The long and lonely country was the color of sand. The horizon hills were haze-black; the clumps of mesquite stood in dark pools of their own shadowing. But the pools and the rim of dark horizon were discerned only by conscious seeing, else the world was all sand, brown and tan and copper and pale beige. Even the sky at this moment was sand, reflection of the fading bronze of the sun.

This is the style of writing made popular by Hughes’ contemporary Raymond Chandler, who famously wrote that hardboiled fiction must be written in the “speech of common men,” yet also wrote astoundingly poetic descriptions of Los Angeles. Hughes, like Chandler, began her literary career as a poet, and this tendency is apparent in her writing (although, unlike Chandler, her poetry was actually considered good).
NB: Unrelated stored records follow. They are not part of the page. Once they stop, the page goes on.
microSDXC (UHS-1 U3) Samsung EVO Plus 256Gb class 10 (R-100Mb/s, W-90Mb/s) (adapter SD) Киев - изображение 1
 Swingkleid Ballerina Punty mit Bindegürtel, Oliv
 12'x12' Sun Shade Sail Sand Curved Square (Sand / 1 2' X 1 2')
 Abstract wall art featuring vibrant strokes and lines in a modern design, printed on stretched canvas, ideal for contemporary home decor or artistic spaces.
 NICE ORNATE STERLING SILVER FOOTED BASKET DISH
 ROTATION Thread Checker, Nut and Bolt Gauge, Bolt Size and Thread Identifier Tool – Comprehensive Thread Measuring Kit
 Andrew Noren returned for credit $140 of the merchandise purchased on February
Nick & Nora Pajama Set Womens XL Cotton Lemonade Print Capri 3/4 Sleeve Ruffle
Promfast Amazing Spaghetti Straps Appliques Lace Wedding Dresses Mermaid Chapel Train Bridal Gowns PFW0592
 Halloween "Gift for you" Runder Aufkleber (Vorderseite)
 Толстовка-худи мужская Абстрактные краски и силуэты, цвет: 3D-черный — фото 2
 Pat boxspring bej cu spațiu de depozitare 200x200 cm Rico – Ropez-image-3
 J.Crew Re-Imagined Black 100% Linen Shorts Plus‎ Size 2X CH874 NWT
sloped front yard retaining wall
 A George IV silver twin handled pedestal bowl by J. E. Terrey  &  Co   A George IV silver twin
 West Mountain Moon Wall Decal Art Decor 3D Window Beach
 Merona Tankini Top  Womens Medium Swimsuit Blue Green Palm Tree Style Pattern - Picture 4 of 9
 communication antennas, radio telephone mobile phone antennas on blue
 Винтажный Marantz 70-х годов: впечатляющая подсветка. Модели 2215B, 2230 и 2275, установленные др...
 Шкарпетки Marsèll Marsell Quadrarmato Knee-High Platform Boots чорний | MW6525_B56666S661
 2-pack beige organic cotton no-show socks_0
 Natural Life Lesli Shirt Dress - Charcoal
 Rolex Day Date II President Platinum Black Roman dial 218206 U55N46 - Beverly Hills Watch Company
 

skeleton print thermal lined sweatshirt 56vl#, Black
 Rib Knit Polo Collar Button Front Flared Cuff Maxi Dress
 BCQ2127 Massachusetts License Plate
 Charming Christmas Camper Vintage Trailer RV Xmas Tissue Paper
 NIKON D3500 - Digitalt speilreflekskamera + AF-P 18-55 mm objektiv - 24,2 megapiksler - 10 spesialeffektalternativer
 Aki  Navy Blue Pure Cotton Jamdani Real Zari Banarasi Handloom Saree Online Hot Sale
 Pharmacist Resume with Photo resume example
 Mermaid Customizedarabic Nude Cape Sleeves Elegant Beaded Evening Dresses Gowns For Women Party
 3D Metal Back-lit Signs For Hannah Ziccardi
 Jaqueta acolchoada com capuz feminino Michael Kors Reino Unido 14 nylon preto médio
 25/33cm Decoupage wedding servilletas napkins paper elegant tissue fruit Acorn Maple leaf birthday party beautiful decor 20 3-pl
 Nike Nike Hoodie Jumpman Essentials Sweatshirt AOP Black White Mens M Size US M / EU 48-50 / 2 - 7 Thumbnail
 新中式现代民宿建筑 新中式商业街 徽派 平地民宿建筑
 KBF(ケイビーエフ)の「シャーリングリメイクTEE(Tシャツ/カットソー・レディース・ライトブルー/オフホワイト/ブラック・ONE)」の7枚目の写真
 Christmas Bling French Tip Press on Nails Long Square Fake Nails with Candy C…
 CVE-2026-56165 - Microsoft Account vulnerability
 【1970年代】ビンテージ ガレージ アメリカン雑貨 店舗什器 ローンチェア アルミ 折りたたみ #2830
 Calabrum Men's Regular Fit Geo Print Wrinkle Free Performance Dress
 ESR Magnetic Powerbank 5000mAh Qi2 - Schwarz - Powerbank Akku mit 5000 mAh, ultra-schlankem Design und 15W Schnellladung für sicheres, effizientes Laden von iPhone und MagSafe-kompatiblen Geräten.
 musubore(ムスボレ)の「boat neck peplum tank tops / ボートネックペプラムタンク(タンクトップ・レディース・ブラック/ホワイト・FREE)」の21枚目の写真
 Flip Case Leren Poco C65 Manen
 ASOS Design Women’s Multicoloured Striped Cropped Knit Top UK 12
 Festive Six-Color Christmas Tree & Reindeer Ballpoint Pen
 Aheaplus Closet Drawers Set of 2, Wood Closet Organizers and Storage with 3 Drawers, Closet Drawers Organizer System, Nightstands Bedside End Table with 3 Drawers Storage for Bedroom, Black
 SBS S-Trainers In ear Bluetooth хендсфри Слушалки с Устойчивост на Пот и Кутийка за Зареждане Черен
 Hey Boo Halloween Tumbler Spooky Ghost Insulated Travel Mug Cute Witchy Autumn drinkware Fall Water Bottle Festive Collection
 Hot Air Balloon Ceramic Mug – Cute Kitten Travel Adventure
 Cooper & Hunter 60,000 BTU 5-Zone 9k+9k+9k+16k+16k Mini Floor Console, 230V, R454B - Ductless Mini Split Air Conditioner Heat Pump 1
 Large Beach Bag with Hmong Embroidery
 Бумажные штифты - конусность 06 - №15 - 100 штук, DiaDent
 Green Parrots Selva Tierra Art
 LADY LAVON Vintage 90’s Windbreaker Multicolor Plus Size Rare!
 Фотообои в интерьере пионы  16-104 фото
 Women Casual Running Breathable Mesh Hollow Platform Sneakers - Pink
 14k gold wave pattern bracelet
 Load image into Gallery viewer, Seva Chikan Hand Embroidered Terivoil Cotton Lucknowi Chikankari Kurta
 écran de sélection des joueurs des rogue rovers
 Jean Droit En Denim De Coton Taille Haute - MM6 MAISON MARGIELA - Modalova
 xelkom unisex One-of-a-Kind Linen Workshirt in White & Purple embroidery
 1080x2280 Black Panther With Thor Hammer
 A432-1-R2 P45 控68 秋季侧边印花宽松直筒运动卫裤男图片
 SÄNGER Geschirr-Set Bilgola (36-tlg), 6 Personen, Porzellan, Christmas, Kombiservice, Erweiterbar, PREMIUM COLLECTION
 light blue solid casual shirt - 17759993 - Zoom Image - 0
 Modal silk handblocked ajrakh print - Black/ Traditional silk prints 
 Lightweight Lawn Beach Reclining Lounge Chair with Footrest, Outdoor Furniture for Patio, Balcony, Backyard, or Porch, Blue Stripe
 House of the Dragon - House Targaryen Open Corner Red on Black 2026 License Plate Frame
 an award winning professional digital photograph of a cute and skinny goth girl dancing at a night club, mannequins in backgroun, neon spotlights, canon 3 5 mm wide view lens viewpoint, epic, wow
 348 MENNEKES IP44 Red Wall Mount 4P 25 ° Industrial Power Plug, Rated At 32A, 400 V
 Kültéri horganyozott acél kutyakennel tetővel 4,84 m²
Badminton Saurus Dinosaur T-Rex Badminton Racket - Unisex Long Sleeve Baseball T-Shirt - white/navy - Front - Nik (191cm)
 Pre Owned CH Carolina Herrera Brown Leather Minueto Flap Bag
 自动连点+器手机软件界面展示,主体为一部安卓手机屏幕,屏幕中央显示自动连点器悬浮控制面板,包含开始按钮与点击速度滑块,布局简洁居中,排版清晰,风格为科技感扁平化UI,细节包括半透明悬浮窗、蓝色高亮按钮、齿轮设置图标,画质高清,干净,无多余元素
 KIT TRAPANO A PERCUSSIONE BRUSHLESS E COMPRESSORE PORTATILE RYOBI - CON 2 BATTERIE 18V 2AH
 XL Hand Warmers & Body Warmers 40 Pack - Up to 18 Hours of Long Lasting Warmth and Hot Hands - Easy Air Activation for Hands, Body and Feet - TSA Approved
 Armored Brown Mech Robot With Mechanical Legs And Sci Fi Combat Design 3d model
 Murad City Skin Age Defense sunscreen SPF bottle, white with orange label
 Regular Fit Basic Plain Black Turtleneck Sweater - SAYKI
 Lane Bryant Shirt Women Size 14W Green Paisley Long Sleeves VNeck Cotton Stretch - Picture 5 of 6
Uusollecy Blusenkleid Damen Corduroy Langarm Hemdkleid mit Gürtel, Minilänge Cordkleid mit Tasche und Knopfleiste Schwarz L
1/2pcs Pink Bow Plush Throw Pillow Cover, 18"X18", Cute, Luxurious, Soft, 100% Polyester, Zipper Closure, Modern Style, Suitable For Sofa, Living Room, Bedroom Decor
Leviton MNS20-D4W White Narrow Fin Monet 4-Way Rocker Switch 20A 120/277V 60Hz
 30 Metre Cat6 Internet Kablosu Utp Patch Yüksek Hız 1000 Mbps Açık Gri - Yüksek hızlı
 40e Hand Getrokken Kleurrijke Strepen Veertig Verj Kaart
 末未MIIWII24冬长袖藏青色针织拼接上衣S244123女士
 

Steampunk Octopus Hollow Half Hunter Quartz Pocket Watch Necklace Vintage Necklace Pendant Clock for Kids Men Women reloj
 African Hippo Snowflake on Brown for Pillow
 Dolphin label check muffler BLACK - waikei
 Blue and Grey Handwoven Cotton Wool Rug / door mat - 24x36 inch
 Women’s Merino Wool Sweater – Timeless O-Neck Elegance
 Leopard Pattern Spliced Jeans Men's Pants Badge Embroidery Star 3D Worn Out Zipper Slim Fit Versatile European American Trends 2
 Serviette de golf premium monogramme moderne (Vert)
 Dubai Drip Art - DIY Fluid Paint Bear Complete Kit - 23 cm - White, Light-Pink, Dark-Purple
The beauty of the Southwestern American desert is a deceptive cover for the violence — born of fear and hatred — that lies beneath it in a tawdry, seedy underbelly familiar to noir. There are no satisfying solutions in The Expendable Man, and the solutions that do come seem almost pat and almost saccharine; however, though the solution may not be satisfying, the novel as a whole certainly is. Noir does not present a puzzle to be solved. We can expect no easy answers, because the answer is not the point. Hugh Densmore’s search for Iris Croom’s true killer is not prompted by a desire to apprehend the villain, or even to find the truth. His search is prompted by the apparently selfish desire to save his reputation. Yet Hugh Densmore is not a selfish man; he is, by any reckoning, a good man, who loves his family and wishes to save them from the grief of hearing him branded an abortionist and murderer. His is not the superhuman intellect of Holmes or Poirot; Hugh Densmore is only human. That, in fact, is the truth that hides within noir: it is the stories of the only human, tawdry and stained and yet somehow golden for all of that.